Segment Open

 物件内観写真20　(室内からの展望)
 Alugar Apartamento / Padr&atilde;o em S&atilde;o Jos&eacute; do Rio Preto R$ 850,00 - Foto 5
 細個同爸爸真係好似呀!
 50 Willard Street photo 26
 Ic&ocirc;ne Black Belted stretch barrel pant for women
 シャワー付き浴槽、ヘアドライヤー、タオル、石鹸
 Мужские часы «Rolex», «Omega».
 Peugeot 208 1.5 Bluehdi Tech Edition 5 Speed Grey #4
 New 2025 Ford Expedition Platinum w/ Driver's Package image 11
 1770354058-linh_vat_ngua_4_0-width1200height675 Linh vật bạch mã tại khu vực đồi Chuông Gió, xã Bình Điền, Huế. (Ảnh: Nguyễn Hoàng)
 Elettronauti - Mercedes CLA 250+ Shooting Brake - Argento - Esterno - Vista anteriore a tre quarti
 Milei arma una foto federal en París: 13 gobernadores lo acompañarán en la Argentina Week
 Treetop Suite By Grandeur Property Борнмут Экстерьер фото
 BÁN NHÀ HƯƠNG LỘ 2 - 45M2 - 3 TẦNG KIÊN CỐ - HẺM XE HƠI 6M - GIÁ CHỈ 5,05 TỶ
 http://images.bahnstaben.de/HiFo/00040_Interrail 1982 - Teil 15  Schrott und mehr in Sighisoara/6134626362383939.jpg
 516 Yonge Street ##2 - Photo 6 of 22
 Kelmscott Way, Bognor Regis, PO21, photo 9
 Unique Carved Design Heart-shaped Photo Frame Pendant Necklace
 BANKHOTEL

Segment Closed

For the string "Street", state how many lines in the listing contain it, and give no other words.

2